Previous code was allocating room for as many workers as there was sites.  The problem is that as the number of sites has grown, there has not been enough memory to allocate all of those requests.  In reality, having all of these requests in parallel does not really speed the processing: on my computer, the time to do a query for all of the sites was 1 minute 10 seconds before the change, and was 1 minute 9 seconds after the change.

Limiting the number of workers to 10 did increase the query time to 1 minute 17s.  I am not sure if that is just inconsistencies in network traffic, but I will leave the limit at 20 for now.

Note that with the limit of 20, my query detected more sites than it did previously.  It appears that some of the requests were failing on my computer because of memory reasons (as opposed to actual detection on the site).
---
 sherlock.py | 16 ++++++++++------
 1 file changed, 10 insertions(+), 6 deletions(-)

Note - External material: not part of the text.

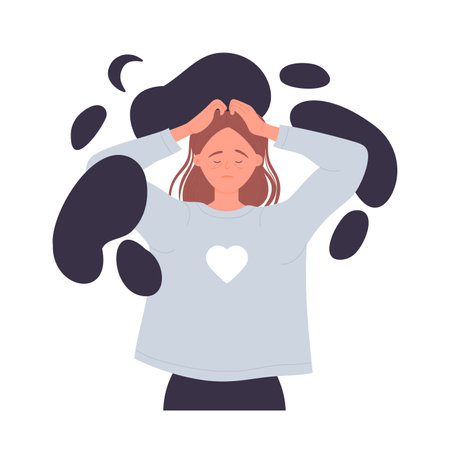 Sleep disorder problem.People suffering from insomnia, sleepless problem cartoon vector illustrationのイラスト素材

diff --git a/sherlock.py b/sherlock.py
index cfd4f296..9e32eb07 100755
--- a/sherlock.py
+++ b/sherlock.py
@@ -180,9 +180,6 @@ def sherlock(username, site_data, verbose=False, tor=False, unique_tor=False,
     """
     print_info("Checking username", username, color)
 
-    # Allow 1 thread for each external service, so `len(site_data)` threads total
-    executor = ThreadPoolExecutor(max_workers=len(site_data))
-
     # Create session based on request methodology
     if tor or unique_tor:
         #Requests using Tor obfuscation
@@ -193,9 +190,16 @@ def sherlock(username, site_data, verbose=False, tor=False, unique_tor=False,
         underlying_session = requests.session()
         underlying_request = requests.Request()
 
-    # Create multi-threaded session for all requests. Use our custom FuturesSession that exposes response time
-    session = ElapsedFuturesSession(
-        executor=executor, session=underlying_session)
+    #Limit number of workers to 20.
+    #This is probably vastly overkill.
+    if len(site_data) >= 20:
+        max_workers=20
+    else:
+        max_workers=len(site_data)
+
+    #Create multi-threaded session for all requests.
+    session = ElapsedFuturesSession(max_workers=max_workers,
+                                    session=underlying_session)
 
     # Results from analysis of all sites
     results_total = {}